Jack’s first object was to seek out Blueskin, whom he had no doubt he should find at the New Mint, at Wapping, for the Old Mint no longer afforded a secure retreat to the robber; and, with this view, he made the best of his way along a bye-lane leading towards Hockley-in-the-Hole. He had not proceeded far when he was alarmed by the tramp of a horse, which seemed to be rapidly approaching, and he had scarcely time to leap the hedge and conceal himself behind a tree, when a tall man, enveloped in an ample cloak, with his hat pulled over his brows, rode by at full speed. Another horseman followed quickly at the heels of the first; but just as he passed the spot where Jack stood, his steed missed its footing, and fell. Either ignorant of the accident, or heedless of it, the foremost horseman pursued his way without even turning his head.

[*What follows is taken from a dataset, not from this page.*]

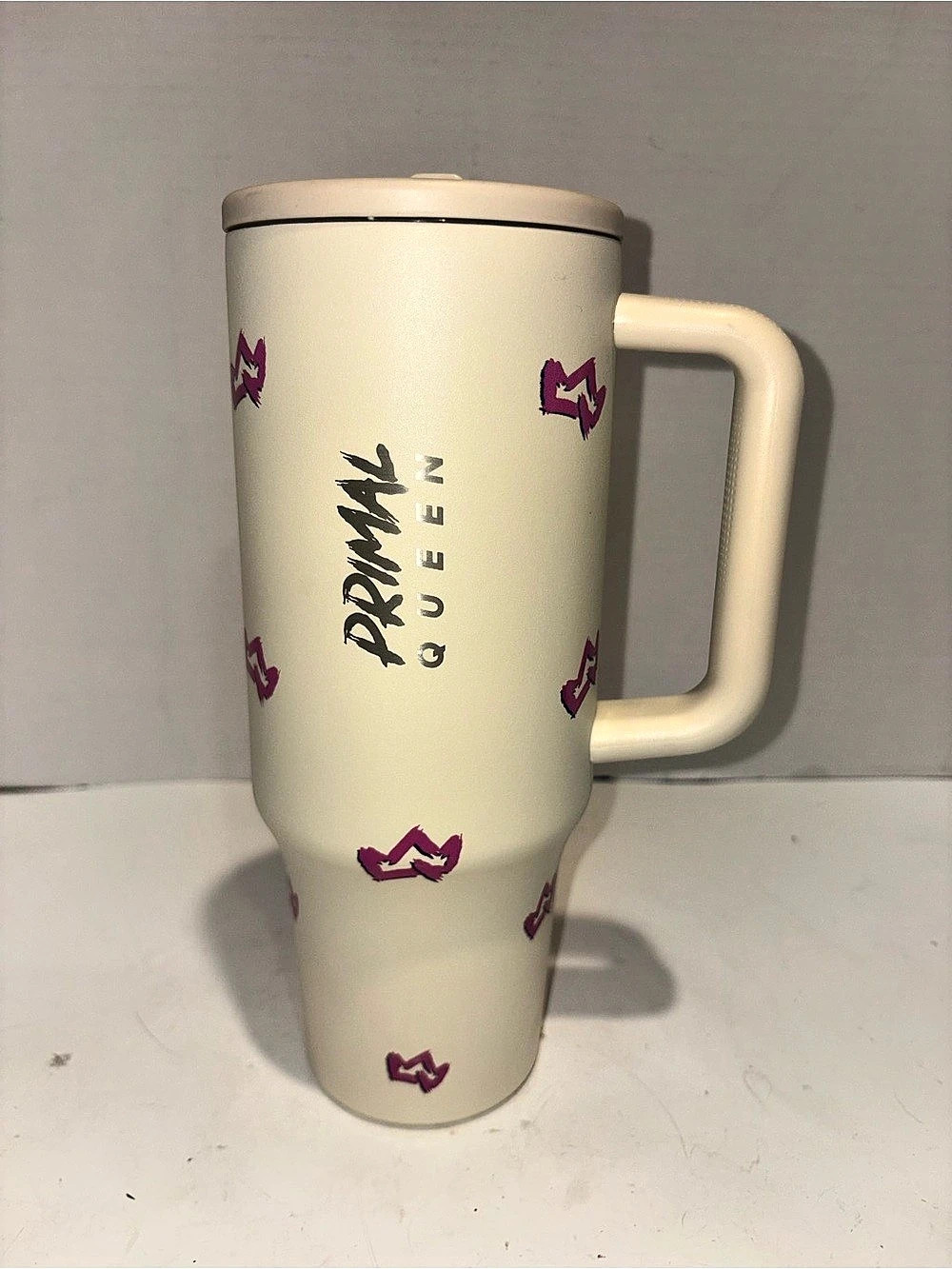 Primal Queen 40oz Tumbler Cup Cream & Pink (new)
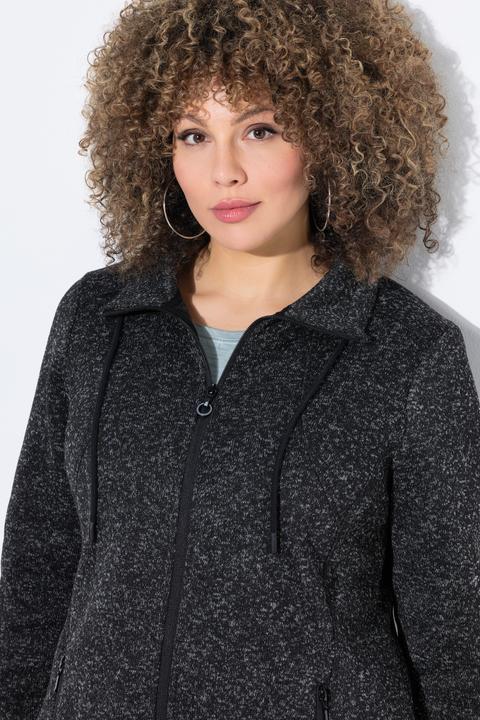 Produktbild Ulla Popken Strickfleece-Jacke, Rauten, Stehkragen, Zipptaschen (56)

Conceiving the opportunity too favourable to be lost, Jack sprang suddenly over the hedge, and before the man, who was floundering on the ground with one foot in the stirrup, could extricate himself from his embarrassing position, secured his pistols, which he drew from the holsters, and held them to his head. The fellow swore lustily, in a voice which Jack instantly recognised as that of Quilt Arnold, and vainly attempted to rise and draw his sword.
“Dog!” thundered Sheppard, putting the muzzle of the pistol so close to the janizary’s ear, that the touch of the cold iron made him start, “don’t you know me?”
“Blood and thunder!” exclaimed Quilt, opening his eyes with astonishment. “It can’t be Captain Sheppard!”
“It is,” replied Jack; “and you had better have met the devil on your road than me. Do you remember what I said when you took me at the Mint four days ago? I told you my turn would come. It has come,—and sooner than you expected.”
“So I find, Captain,” rejoined Quilt, submissively; “but you’re too noble-hearted to take advantage of my situation. Besides, I acted for others, and not for myself.”
“I know it,” replied Sheppard, “and therefore I spare your life.”
“I was sure you wouldn’t injure me, Captain,” remarked Quilt, in a wheedling tone, while he felt about for his sword; “you’re far too brave to strike a fallen man.”
“Ah! traitor!” cried Jack, who had noticed the movement; “make such another attempt, and it shall cost you your life.” So saying, he unbuckled the belt to which the janizary’s hanger was attached, and fastened it to his own girdle.
“And now,” he continued, sternly, “was it your master who has just ridden by?”
“No,” answered Quilt, sullenly.
“Who, then?” demanded Jack. “Speak, or I fire!”
“Well, if you will have it, it’s Sir Rowland Trenchard.”
“Sir Rowland Trenchard!” echoed Jack, in amazement. “What are you doing with him?”
“It’s a long story, Captain, and I’ve no breath to tell it,—unless you choose to release me,” rejoined Quilt.